→ DATA EXCERPTS:
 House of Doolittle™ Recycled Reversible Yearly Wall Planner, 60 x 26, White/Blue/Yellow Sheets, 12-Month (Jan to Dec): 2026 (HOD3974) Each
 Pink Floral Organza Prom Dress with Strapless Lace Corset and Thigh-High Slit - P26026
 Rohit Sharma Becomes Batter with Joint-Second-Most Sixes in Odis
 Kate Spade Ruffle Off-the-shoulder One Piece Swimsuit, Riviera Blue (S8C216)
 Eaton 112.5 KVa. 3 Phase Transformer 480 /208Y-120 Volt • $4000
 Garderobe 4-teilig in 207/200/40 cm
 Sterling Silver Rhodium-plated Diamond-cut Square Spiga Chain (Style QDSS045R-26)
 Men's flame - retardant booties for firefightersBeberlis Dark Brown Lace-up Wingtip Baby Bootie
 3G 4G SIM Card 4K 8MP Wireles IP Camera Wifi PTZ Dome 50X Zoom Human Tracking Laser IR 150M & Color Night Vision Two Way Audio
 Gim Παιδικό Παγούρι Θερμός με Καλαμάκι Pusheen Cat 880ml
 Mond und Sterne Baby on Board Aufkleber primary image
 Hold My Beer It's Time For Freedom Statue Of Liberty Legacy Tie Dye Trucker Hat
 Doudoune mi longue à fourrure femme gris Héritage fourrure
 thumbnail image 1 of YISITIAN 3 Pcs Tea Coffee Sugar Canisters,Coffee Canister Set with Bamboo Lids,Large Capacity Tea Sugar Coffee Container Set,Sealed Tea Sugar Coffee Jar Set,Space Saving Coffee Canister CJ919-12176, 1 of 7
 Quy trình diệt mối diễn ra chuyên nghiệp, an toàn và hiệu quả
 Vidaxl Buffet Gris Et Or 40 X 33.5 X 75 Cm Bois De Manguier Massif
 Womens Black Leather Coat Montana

→ INSTRUCTIONS TO FOLLOW:
In the listing above, find the line with "Gim Παιδικό Παγούρι" and the line with "Doudoune mi longue"; set down exactly those two lines and every line between them, nothing more.

→ EXERCISE OUTPUT:
 Gim Παιδικό Παγούρι Θερμός με Καλαμάκι Pusheen Cat 880ml
 Mond und Sterne Baby on Board Aufkleber primary image
 Hold My Beer It's Time For Freedom Statue Of Liberty Legacy Tie Dye Trucker Hat
 Doudoune mi longue à fourrure femme gris Héritage fourrure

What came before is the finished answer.